- Opening Delimiter -

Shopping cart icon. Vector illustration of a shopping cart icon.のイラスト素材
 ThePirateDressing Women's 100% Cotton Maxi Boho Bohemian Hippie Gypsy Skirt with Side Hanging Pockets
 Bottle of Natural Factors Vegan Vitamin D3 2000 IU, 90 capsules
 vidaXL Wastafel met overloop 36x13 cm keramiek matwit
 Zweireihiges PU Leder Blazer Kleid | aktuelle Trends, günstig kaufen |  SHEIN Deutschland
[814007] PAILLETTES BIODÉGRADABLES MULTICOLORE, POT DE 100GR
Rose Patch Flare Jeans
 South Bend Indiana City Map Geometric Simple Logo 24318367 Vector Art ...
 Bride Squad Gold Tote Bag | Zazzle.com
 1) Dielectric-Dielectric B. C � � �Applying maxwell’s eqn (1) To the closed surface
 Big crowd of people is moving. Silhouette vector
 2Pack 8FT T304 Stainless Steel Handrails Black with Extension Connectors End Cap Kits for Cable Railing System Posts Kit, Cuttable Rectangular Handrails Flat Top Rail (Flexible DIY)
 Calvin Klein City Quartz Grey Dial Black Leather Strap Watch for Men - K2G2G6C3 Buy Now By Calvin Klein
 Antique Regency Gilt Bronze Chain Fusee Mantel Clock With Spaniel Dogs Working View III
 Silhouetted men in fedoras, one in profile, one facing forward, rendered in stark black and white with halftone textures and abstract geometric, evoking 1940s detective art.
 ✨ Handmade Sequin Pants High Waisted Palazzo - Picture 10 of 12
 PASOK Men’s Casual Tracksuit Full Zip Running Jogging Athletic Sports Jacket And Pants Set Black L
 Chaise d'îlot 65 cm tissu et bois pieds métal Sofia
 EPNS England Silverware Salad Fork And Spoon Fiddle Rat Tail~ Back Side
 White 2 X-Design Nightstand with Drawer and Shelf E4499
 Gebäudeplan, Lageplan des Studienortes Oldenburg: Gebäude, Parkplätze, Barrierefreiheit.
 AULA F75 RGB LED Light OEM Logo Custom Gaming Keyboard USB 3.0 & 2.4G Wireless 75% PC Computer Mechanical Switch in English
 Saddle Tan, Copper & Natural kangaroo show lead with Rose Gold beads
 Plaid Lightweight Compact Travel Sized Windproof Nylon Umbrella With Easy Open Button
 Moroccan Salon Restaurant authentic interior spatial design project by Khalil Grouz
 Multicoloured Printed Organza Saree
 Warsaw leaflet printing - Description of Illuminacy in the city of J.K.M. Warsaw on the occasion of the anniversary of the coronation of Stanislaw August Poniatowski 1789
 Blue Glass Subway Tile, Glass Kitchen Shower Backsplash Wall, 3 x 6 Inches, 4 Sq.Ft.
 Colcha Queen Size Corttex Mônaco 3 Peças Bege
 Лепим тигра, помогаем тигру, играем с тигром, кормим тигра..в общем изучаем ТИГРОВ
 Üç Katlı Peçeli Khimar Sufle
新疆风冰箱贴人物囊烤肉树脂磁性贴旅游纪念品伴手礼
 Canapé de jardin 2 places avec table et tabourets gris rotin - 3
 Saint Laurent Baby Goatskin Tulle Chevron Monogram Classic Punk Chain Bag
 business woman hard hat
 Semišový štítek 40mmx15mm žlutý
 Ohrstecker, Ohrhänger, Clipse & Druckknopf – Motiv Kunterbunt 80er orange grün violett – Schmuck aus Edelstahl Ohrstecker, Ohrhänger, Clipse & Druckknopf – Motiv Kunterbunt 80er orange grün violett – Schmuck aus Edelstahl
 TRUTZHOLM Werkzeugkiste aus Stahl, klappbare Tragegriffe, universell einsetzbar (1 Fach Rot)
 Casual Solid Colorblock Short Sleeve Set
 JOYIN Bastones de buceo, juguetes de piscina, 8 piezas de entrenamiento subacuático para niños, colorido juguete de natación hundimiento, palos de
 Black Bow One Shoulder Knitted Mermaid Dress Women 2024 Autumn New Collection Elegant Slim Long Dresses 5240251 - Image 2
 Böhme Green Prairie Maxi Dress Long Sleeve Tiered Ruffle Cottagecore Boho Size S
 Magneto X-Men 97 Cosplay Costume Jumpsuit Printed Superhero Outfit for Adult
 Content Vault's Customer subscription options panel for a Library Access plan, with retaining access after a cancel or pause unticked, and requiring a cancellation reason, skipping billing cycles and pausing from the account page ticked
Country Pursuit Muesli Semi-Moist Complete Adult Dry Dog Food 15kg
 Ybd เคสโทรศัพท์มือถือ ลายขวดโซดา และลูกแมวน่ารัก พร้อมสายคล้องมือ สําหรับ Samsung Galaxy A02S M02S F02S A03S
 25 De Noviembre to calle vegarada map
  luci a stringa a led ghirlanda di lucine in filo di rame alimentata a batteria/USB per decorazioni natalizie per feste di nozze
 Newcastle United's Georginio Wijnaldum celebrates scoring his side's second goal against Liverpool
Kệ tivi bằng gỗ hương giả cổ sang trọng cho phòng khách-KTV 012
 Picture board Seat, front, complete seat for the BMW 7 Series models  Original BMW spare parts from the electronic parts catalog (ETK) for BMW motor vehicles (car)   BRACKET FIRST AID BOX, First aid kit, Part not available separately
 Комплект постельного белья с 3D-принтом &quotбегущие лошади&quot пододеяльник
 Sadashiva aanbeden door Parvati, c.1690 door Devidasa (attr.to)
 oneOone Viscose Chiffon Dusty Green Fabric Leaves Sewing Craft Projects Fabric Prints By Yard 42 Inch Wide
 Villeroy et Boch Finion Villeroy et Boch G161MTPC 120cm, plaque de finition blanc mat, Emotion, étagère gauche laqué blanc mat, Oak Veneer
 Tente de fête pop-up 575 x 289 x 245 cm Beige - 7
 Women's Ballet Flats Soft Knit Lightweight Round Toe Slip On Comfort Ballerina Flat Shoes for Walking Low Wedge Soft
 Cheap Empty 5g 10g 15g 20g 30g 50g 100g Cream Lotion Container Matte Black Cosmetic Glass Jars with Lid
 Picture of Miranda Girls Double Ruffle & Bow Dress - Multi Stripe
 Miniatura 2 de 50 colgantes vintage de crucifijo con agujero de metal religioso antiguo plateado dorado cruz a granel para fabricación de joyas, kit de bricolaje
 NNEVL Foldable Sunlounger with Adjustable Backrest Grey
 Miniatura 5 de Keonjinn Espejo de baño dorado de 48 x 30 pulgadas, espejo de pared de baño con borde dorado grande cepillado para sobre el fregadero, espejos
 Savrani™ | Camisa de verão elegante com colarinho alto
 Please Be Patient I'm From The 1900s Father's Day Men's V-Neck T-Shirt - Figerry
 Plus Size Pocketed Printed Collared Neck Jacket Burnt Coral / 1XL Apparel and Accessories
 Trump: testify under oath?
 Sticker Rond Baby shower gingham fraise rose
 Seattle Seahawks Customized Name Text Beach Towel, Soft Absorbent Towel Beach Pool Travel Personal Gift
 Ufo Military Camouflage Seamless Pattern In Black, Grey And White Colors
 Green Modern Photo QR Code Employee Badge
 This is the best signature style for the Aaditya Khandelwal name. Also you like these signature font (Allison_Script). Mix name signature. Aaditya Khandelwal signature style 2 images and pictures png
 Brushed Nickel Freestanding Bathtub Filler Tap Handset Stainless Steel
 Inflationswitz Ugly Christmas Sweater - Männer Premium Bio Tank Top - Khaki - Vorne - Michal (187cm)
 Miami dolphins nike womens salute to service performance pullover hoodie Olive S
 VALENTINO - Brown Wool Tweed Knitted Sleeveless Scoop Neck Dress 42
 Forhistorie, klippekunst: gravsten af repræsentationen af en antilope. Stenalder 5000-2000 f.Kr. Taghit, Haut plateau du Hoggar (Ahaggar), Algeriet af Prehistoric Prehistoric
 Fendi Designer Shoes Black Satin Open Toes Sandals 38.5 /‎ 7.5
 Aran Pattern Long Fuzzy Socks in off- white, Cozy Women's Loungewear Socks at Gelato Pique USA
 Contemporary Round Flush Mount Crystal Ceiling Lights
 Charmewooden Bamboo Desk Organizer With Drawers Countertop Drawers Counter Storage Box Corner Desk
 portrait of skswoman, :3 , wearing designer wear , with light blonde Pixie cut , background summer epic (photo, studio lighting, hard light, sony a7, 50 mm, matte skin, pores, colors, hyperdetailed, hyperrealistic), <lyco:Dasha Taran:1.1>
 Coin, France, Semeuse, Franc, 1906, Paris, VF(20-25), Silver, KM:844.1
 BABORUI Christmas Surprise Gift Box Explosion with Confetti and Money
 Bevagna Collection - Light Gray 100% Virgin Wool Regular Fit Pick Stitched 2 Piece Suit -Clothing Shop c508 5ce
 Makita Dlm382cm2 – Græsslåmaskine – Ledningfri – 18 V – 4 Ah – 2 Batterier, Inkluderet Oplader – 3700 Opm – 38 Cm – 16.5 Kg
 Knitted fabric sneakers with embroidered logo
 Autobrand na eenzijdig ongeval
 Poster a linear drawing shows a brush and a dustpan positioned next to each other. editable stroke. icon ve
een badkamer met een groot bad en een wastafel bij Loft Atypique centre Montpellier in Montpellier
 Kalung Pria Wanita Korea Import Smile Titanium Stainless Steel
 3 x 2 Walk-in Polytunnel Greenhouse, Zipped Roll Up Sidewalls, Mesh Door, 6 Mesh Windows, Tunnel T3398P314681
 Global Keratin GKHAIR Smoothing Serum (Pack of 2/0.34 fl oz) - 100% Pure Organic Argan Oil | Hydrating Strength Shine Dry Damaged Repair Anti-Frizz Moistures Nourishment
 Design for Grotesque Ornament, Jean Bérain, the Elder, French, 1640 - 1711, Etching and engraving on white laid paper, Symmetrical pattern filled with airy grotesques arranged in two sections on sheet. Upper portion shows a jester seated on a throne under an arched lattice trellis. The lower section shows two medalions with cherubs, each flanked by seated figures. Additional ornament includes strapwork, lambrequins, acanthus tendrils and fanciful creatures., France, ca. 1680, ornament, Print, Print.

- Closing Delimiter -

If a line of the listing contains the string "Boho", count it; then report the total alone.

2